§ **WORK INSTRUCTION**: From the listing below, copy only the lines from the line that contains "2012漢傳佛教講經(jīng)交流會(huì)開(kāi)幕式舉行" to the line that contains "Doujin-Lc- อ่าน โดจิน", counting those two lines as part of the copy.

§ **RECORDS SUPPLIED**:
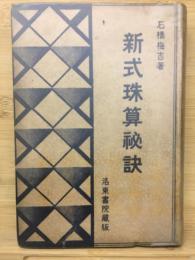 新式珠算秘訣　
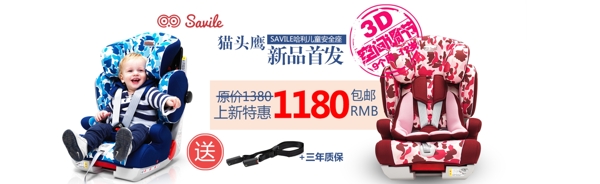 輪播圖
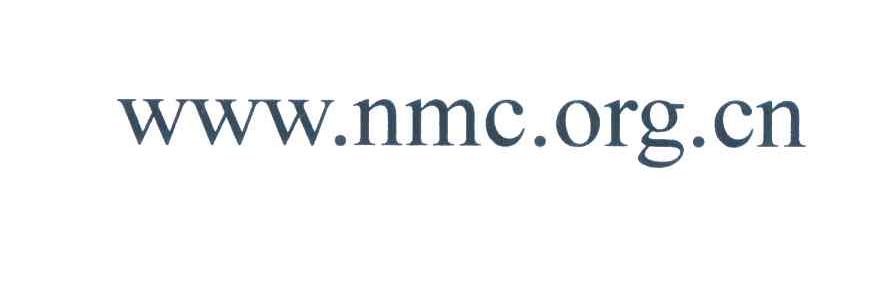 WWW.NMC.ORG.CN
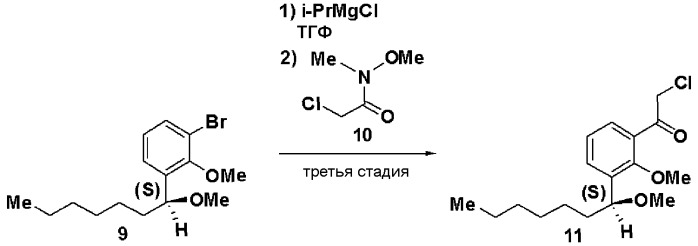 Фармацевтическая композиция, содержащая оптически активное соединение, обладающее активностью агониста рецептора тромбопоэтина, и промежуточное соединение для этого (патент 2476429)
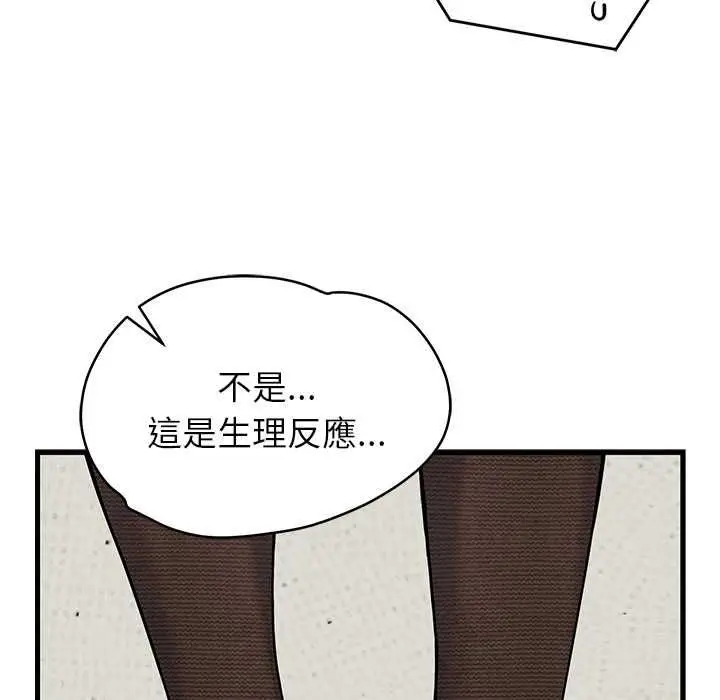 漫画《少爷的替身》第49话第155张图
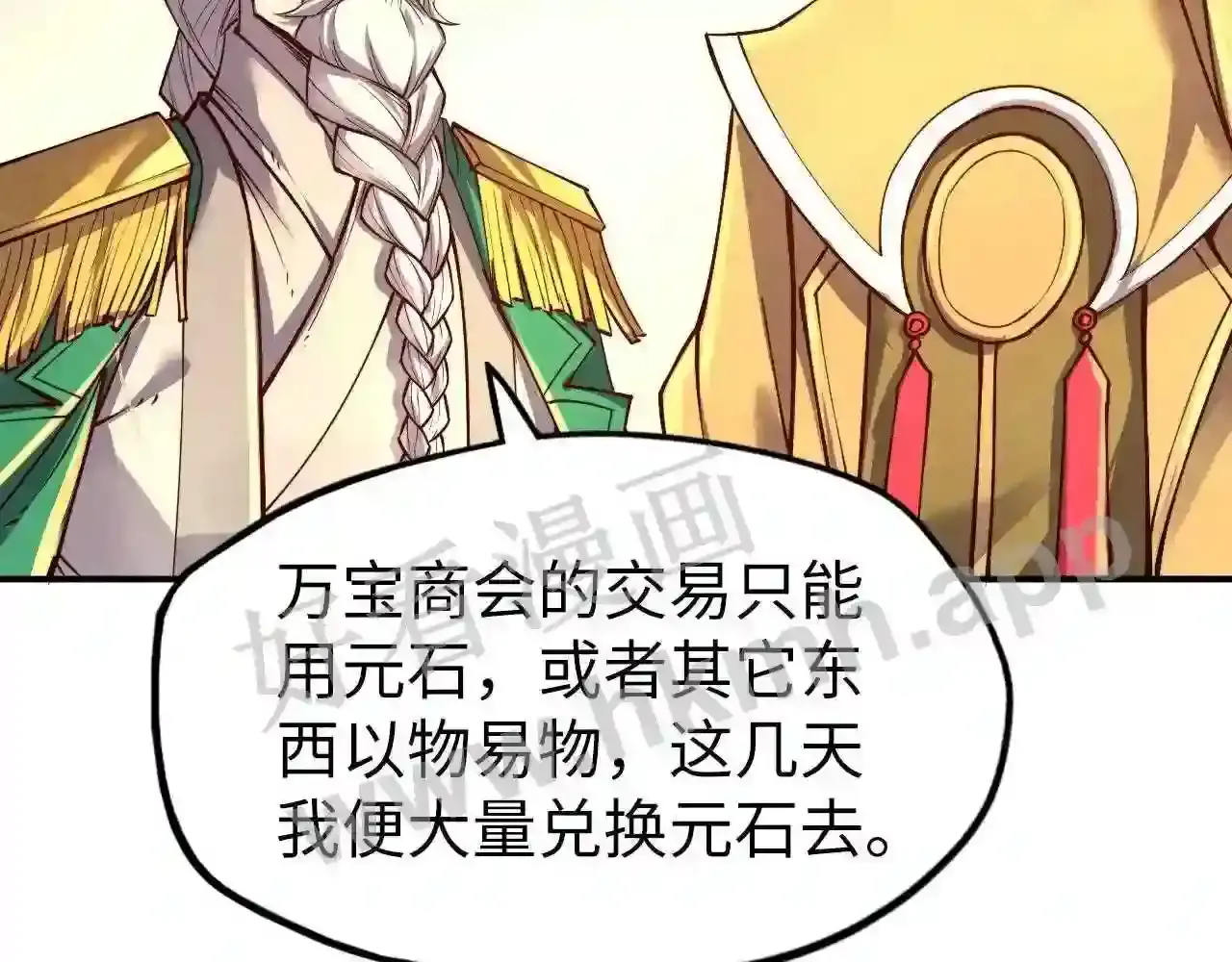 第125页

--

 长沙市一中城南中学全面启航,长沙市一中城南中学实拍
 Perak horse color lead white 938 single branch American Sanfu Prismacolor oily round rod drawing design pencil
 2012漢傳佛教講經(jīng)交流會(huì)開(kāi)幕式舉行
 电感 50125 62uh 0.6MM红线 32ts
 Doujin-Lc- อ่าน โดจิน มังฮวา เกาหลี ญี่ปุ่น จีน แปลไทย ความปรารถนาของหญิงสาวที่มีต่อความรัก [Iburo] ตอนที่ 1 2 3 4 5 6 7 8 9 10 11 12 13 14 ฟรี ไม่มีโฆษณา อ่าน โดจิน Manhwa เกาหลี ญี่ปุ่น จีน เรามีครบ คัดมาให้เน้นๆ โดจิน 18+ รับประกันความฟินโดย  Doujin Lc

--

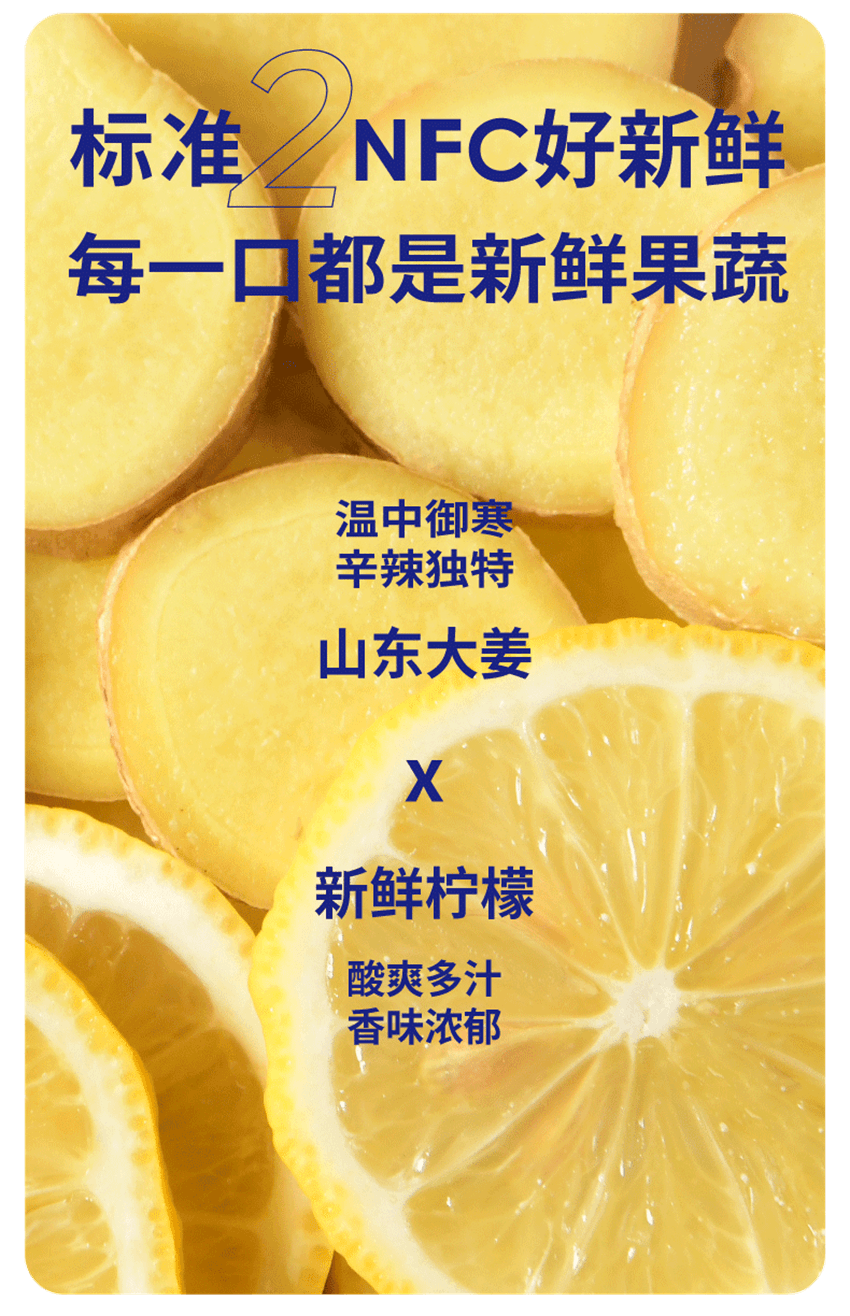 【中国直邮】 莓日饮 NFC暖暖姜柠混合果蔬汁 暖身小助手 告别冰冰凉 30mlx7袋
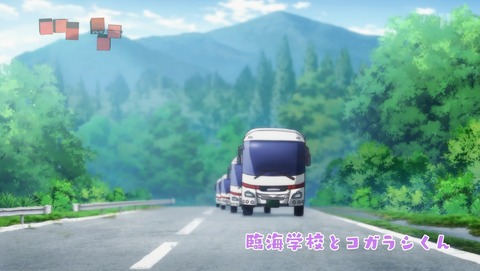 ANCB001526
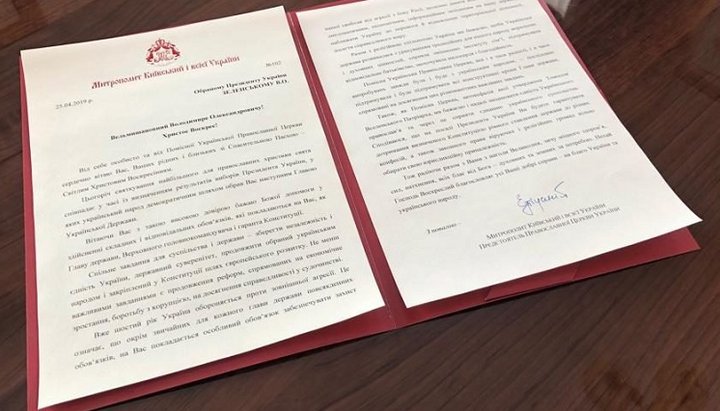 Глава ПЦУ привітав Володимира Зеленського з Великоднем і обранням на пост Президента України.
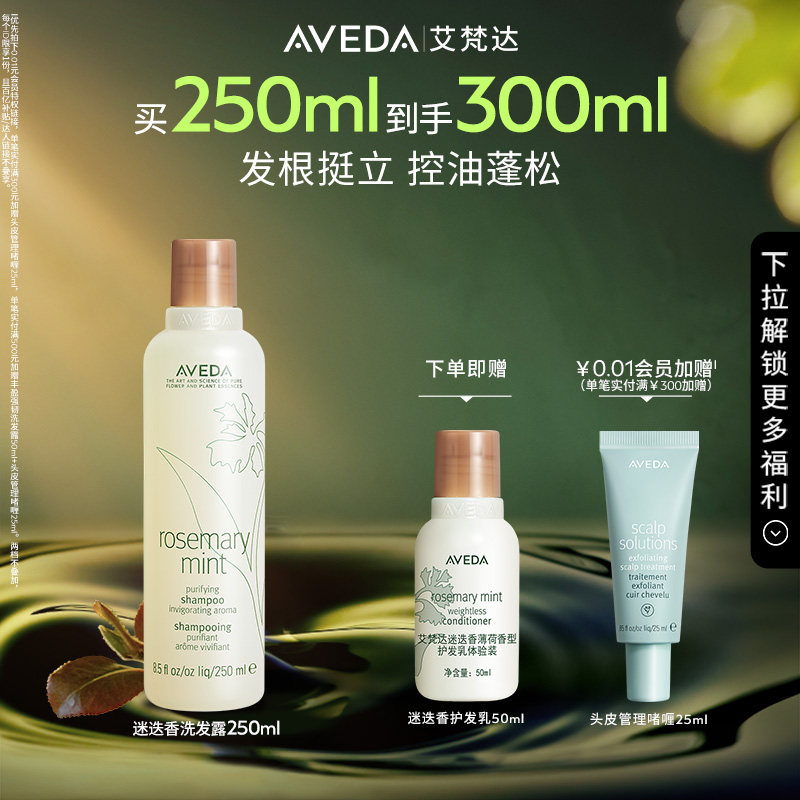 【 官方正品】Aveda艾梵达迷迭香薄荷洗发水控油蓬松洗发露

§ **RESPONSE TO THE TASK**:
 2012漢傳佛教講經(jīng)交流會(huì)開(kāi)幕式舉行
 电感 50125 62uh 0.6MM红线 32ts
 Doujin-Lc- อ่าน โดจิน มังฮวา เกาหลี ญี่ปุ่น จีน แปลไทย ความปรารถนาของหญิงสาวที่มีต่อความรัก [Iburo] ตอนที่ 1 2 3 4 5 6 7 8 9 10 11 12 13 14 ฟรี ไม่มีโฆษณา อ่าน โดจิน Manhwa เกาหลี ญี่ปุ่น จีน เรามีครบ คัดมาให้เน้นๆ โดจิน 18+ รับประกันความฟินโดย  Doujin Lc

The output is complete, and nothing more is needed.